Nikhil Naik

Personal information
- Full name: Nikhil Shankar Naik
- Born: 9 November 1994 (age 31) Sawantwadi, Maharashtra, India
- Batting: Right-handed
- Role: Wicket-keeper

Domestic team information
- 2013–present: Maharashtra
- 2016: Kings XI Punjab
- 2019–2020: Kolkata Knight Riders

Career statistics
| Competition | FC | LA | T20 |
| Matches | 5 | 37 | 61 |
| Runs scored | 133 | 968 | 970 |
| Batting average | 22.16 | 37.23 | 27.71 |
| 100s/50s | 0/0 | 0/7 | 0/6 |
| Top score | 48 | 82* | 95* |
| Catches/stumpings | 14/4 | 36/6 | 34/9 |
- Source: ESPNcricinfo, 27 May 2024

= Nikhil Naik =

Indian cricketer (born 1994)

Nikhil Shankar Naik (born 9 November 1994) is an Indian cricketer who plays for Maharashtra cricket team. He is a right-handed batsman and occasional wicket-keeper. He made his List A debut on 27 February 2014, for Maharashtra in the 2013–14 Vijay Hazare Trophy. In 2015, he was signed up by the Indian Premier League franchise Kings XI Punjab for Rs. 30 lakh.
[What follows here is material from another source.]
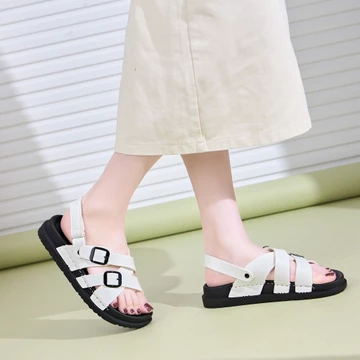 Giày Sandal Nữ MWC E105 - Sandal Nữ Quai Chéo Phối Khoá Quai Hậu Có Lót Dán Năng Động Cá Tính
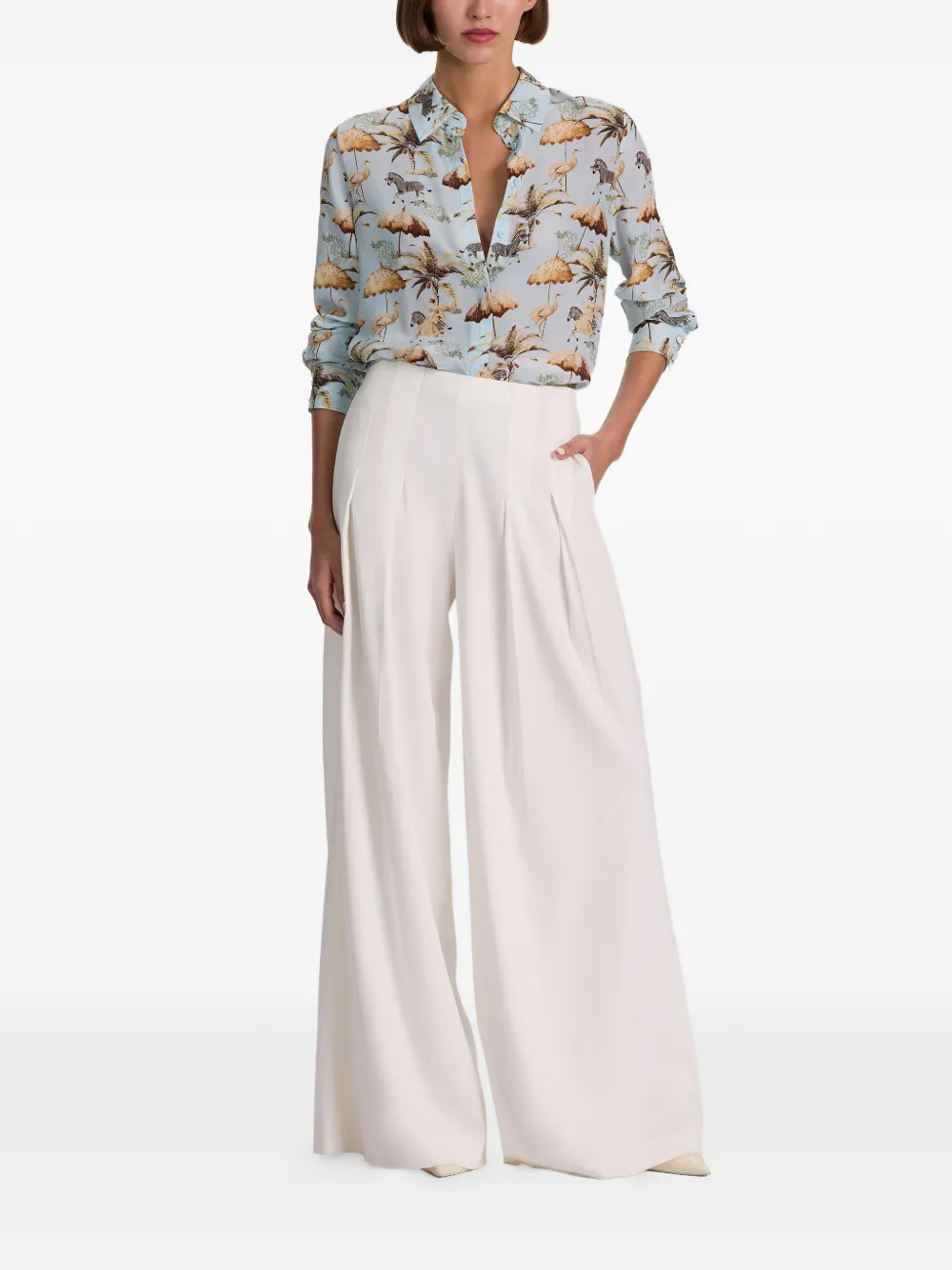 alice + olivia Willa Staceface blouse met dierenprint Blauw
In December 2018, he was bought by the Kolkata Knight Riders in the player auction for the 2019 Indian Premier League. He made his first-class debut for Maharashtra in the 2018–19 Ranji Trophy on 7 January 2019. During a match in the 2019 season of the Syed Mushtaq Ali Trophy, he smashed five sixes in an over against Railways at the Holkar Stadium. He was released by the Kolkata Knight Riders ahead of the 2020 IPL auction. In the 2020 IPL auction, he was bought by the Kolkata Knight Riders ahead of the 2020 Indian Premier League.